Steubenville, Ohio, doesn’t have a glamorous, showbiz ring to it, but it was the hometown of Dean Martin, the good-looking, smooth-voiced, Italian-American crooner who was crowned the “King Of Cool” in the 50s and went on to become Hollywood royalty. Back in 1962, Martin – who was born Dino Crocetti and began his adult life as a boxer – was 45 years old and indisputably at the top of his game. A core member of Frank Sinatra’s infamous Rat Pack, he had risen to fame in the late 40s via a celebrated double act with comedian Jerry Lewis, before moving successfully into the world of movies.

Though he was heartthrob of the silver screen, it’s easy to forget that Martin was also a hugely popular singing sensation during the same timeframe, possessing a voice that caressed like melted butter drizzled with honey. He cut his first record in 1946 and scored his maiden US pop chart-topper with ‘Memories Are Made Of This’ 10 years later. Though a rock’n’roll tsunami engulfed popular music in the late 50s and threatened to obliterate the crooners and swingers, Martin’s career showed no sign of faltering as the 60s beckoned.

He had been at Capitol Records for 13 years when he recorded Dino: Italian Love Songs in September 1961, and though he was to leave the label shortly afterwards to join Sinatra’s Reprise imprint, the album proved popular with the US public when it was released in February 1962.

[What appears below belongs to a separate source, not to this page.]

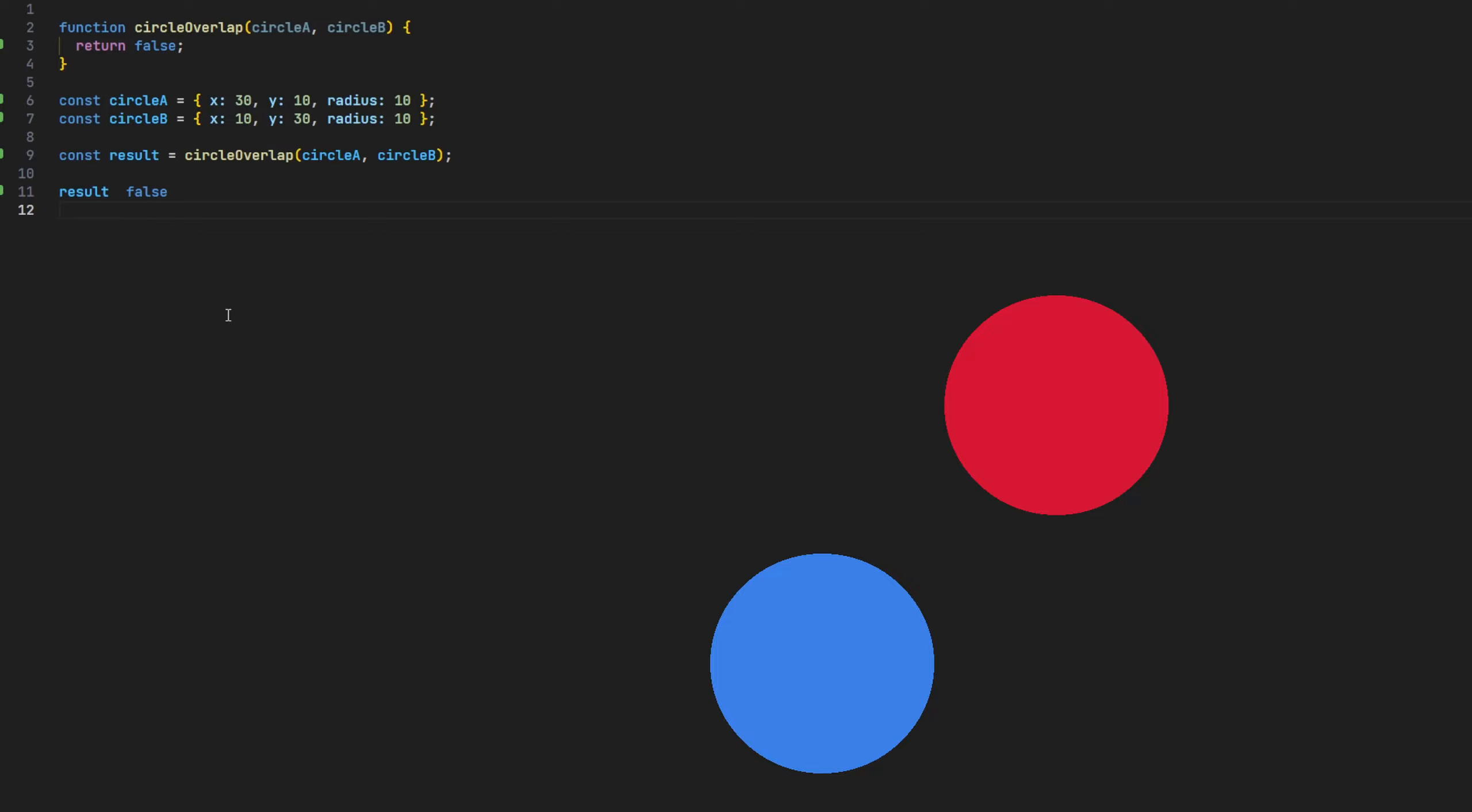To actually determine if two circles are overlapping, we first need to calculate the distance between them. If the distance is shorter than the combined value of both of their radii, we can conclude that they are indeed colliding. Even though we can clearly see this is not the case at the moment, how would we tackle calculating the distance between them?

Martin had sung material that referenced his ethnic background before – most famously 1953’s ‘That’s Amore’ (a No.2 US smash), as well as two other later 50s hits, ‘Mambo Italiano’ and ‘Volare’ – but he had never recorded a full LP of Italian-themed songs. Some critics have conjectured that the singer and his producers at Capitol had seen how well another Italian-American singer, Connie Francis, had done with her Top 10 albums Connie Francis Sings Italian Favorites (1959) and More Italian Favorites (1960), and decided to follow her lead. Evidently, it was a smart decision. Copies of Dino: Italian Love Songs flew off record store racks and, remarkably, catapulted Martin into the American pop albums chart for the very first time in his career.

Though Martin could swing hard like Sinatra when he wanted to (as evidenced by ‘Ain’t That A Kick In The Head’), his rich, easy-on-the-ear tone and insouciant but warm delivery was conducive to romantic balladry, and on Dino: Italian Love Songs – which, ironically, finds him singing mostly in English – he celebrates the joy and heartbreak of that many splendoured thing called “amore”.

Highlights are abundant. ‘Just Say I Love Her’ is achingly beautiful and finds Martin’s sonorous voice framed by a 25-piece string orchestra, though it’s the presence of a piping accordion and trembling mandolins that add authentic Italian colour. An ethereal female choir contributes an otherworldly ambience on ‘Arrivederci Roma’ and also lends a haunting quality to the forlorn ‘Return To Me’, which is a redux of a big 1958 Martin hit.

Italy’s capital city is also celebrated via ‘On An Evening In Roma’, a jaunty tune which is a revamped version of a song that Martin first recorded in 1959 (more recently, in 2016, it was covered by contemporary crooner Michael Bublé). To close the album, Martin opted for ‘There’s No Tomorrow’, whose melody – based on a 19th-century Neapolitan song called ‘O Solo Mio’ – is familiar to many (Elvis Presley fans will know the tune as ‘It’s Now Or Never’).

Though hardened cynics might dub Dino: Italian Love Songs a prime example of cheesy lounge fodder, the truth is that it avoids schmaltziness because it is sentimental without being maudlin. What makes the album credible is the emotional sincerity that pervades each performance. Martin is tapping into his Italian heritage with love and pride, and without a discernible hint of irony or pastiche. You implicitly believe that he’s totally committed to what he’s singing. And so did the American public, who lapped it up. Over half a century on from its release, Dino: Italian Love Songs remains a high-water mark in Dean Martin’s canon.